PLEASE HELP ON THIS ALGEBRA 1-2 PROBLEM ON SYSTEMS AND EQUATIONS!!!?
please name all the variables and show steps and work because i really dont understand this problem. the problem is below.
A toy store has a number of bicycles, tricycles, and wagons in stock. IIf there are an equal number of tricycles and wagons, and a total of 60 pedal and 180 wheels, how many wagons, bicycles and tricycles are there.
THANK YOU IN ADVANCE! 
A system of equations can be confusing but there are steps to solving it. One thing to know is that you will need one equation for every variable you need to solve. So let makes some variables, b = bikes, t= trikes and w= wagons. Now we need to set up our equations.
So we know that each trike has three wheels a bike two and a wagon three so for the total number of wheels the equation is 3t+4w+2b = 180
Next there are an equal number of trikes and wagons so t=w. This means were ever we see a t or w we can replace with the other
Finally a trike and a bike each have two pedals each so 2t+2b = 60 now we have all the equations we need let's Solve!
Let's simplify our equations by replacing w with t since we know that t = w.
So: our new system looks like this: 3t+4t+2b= 180 now we can combine like terns 7t+2b=180
Next we have 2t+2b=60.
The next step we cancel out one of the variables to make the equation solvable. Let's make b disappear.
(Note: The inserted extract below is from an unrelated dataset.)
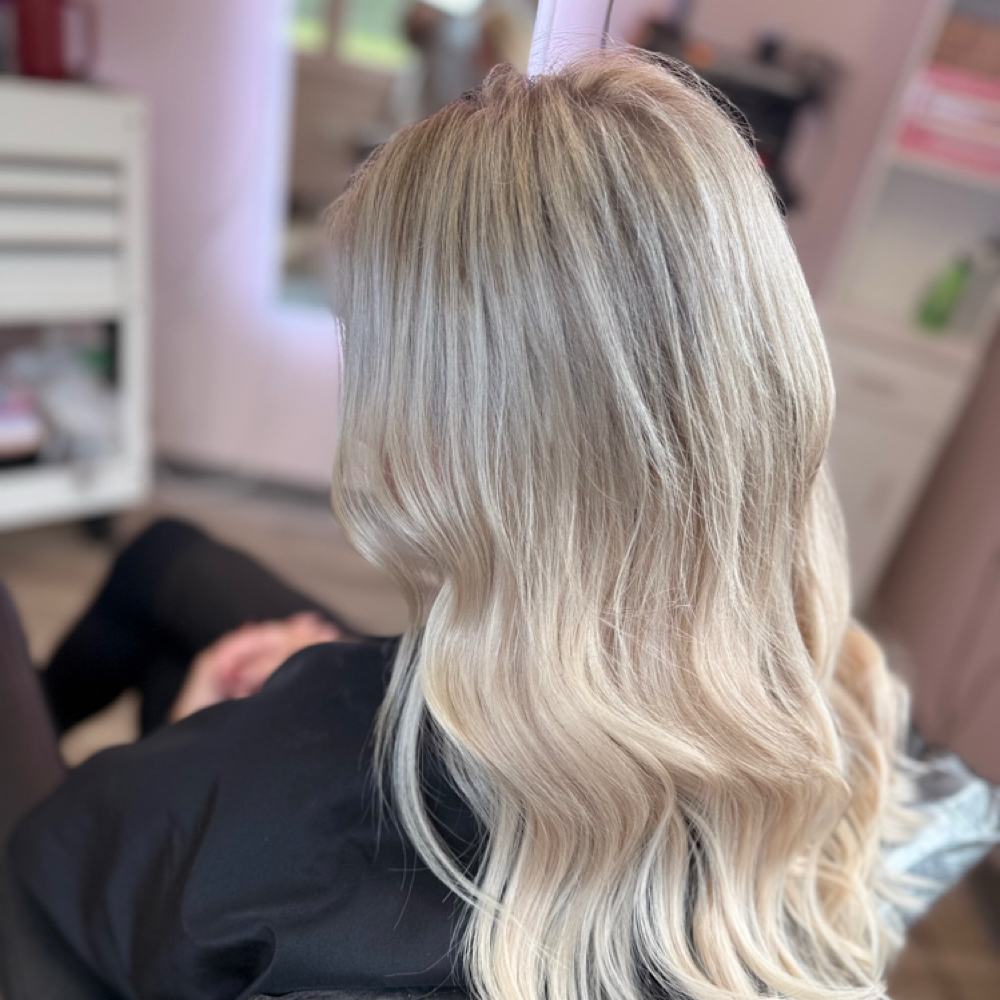 Highlights at Hair By Shelby in Mogadore, OH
-1(2t+2b= 60)<-I'm multiplying this entire equation by negative one to make the b go away so we get: -2t-2b = -60 and now we cancel the b by combining it with the other equation and we get.
(7t+2b=180) + (-2t-2b=-60) we get 5t=120. Now divide by five to solve for t and we get t=24 we also know that t = w so the number of wagons is also 24. Now with that we can solve for be by placing t and w into our original equations.
2(24)+2b = 60. Solve again and we get b= to six.
So there are 24 trikes 24 wagons and 6 bikes!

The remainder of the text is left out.